The view from pro-abortion rights groups was decidedly less sunny.
“Collectively, these bills are an unprecedented assault on women’s health, would take away health care benefits and rights women currently have, would impose new restrictions that go far beyond current law and are opposed by a significant majority of Americans,” said Cecile Richards, president of Planned Parenthood.
“This is the most radical anti-women agenda we’ve seen in a very long time,” said Emily’s List spokeswoman Jess McIntosh.
November’s election sent 43 new abortion opponents to the House and sent 30 pro-abortion rights lawmakers packing, according to a count by Planned Parenthood, which tallies the current “pro-life” caucus at 249. That’s a far more conservative landscape than abortion opponents faced two years ago when they rallied unsuccessfully to overturn Roe v. Wade in a Washington where Democrats controlled the White House and both sides of Capitol Hill.
But while there were moments in the 2010 election in which abortion became a major issue, jobs and the economy propelled most campaigns. The tea party movement that played such a pivotal role in GOP gains may have included social conservatives, but its main concern was reasserting fiscal discipline.

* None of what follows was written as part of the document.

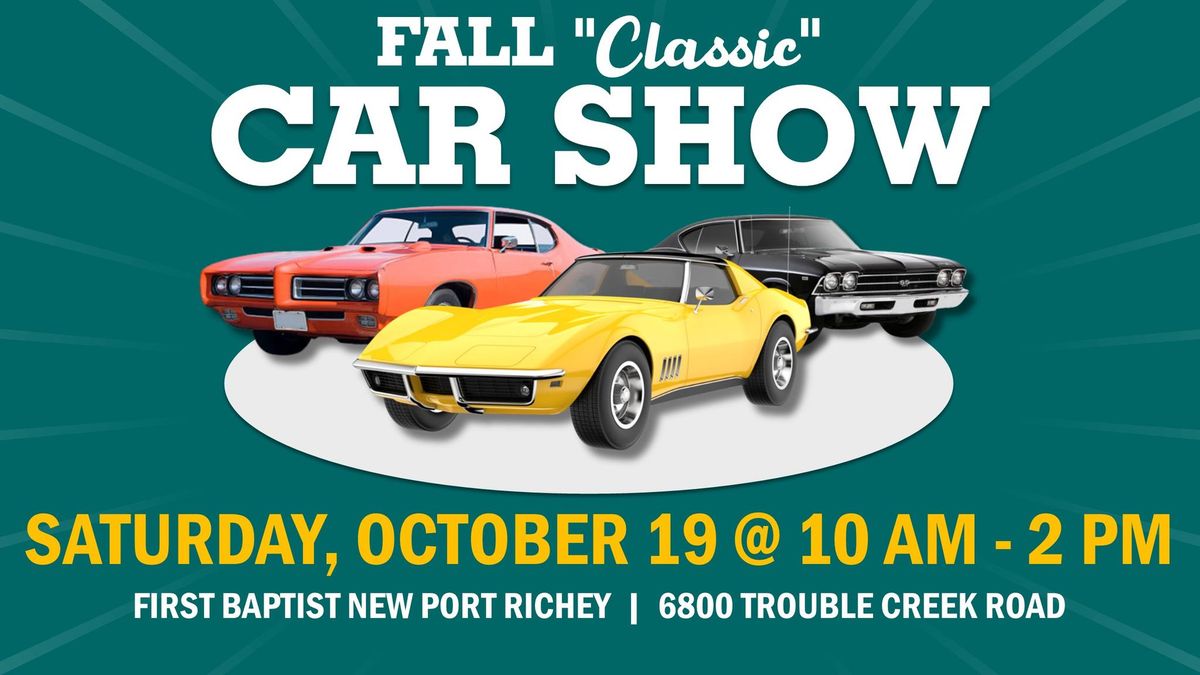 Fall "Classic" Car Show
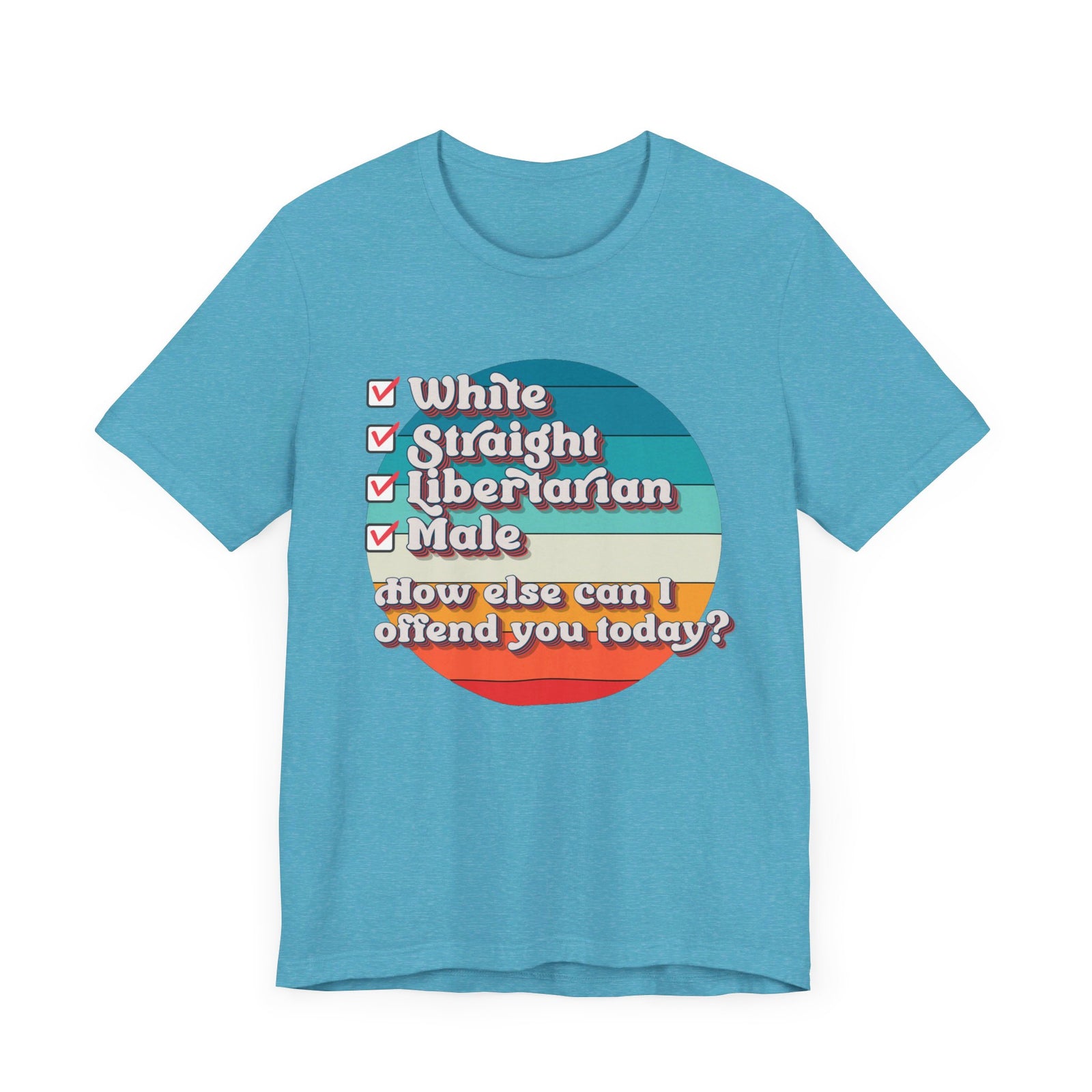 Straight White Male Libertarian: Ultimate Trigger Machine T-Shirt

Indeed, several movement leaders urged in a letter to Republican leaders that they focus on shrinking government and not view the election as “a mandate to act on any social issue.”
A Gallup poll shows the public evenly divided along “pro-choice” and “pro-life” lines, with fewer than one in five favoring banning abortion in all circumstances.
Liberals have cited such statistics in attacking the GOP for a return to the culture wars following campaign promises to focus on jobs and the economy even as journalistic fact-checkers have questioned the premises upon which the bills are based.
In a blog post on the Emily’s List website, Sens. Kirsten Gillibrand of New York and Richard Blumenthal of Connecticut, whose Democratically controlled chamber is unlikely to act on any bill that would further limit abortion, called the renewed focus a “bait-and-switch on the American voters.”
“The 2010 elections were about one thing: jobs,” they wrote. “So what on earth is going on in the GOP-controlled House?”
Charmaine Yoest of Americans United for Life said it was a “myth” that the tea party cares little about social issues, insisting that most oppose abortion. As for the charge that Republicans have ignored calls to trim the size of government, she said cutting funds to abortion providers is “a good place” to start.
“This Congress is capable of walking and chewing gum at the same time,” she said. “Just because they are addressing economic issues doesn’t mean they can’t also address social issues.”
Rutgers University political scientist Ross Baker said the flurry of activity in the opening days of the 112th Congress is all about the next election.
“The anti-abortion bills are a message of reassurance to the oldest and most loyal elements of the conservative coalition that their concerns have not been pushed aside in favor of the pre-eminently fiscal concerns of the tea party, which seem to be consuming all of the Republican oxygen,” he said.
University of Virginia political scientist Larry Sabato agrees. “Social conservatives have been feeling unloved and insecure lately because of the GOP’s intense focus on dollars and cents,” he said. “Plus, there is enduring suspicion that Republican leaders would prefer to sweep controversial social issues under the carpet.”
Sabato referred to a rift in the developing 2012 GOP presidential field over how much to stress abortion and other hot-button social issues such as gay marriage.
Indiana Gov. Mitch Daniels has enraged anti-abortion groups with his advice to switch on the “mute” button when it comes to divisive social issues like abortion. Mississippi Gov. Haley Barbour also has warned against “taking your eye off the ball” of economic and budget issues by focusing too much on other things.
Most other GOP presidential hopefuls such as former Sen. Rick Santorum — who caused a stir recently when he linked abortion and race in questioning President Barack Obama’s stance — are embracing the issue.
Yet the new-found energy among abortion rights opponents has seen some overstepping.
The inclusion of the term “forcible rape” to narrow the definition of what constitutes rape in Smith’s bill prompted a Jon Stewart parody. Embarrassed Republicans eventually dropped the language.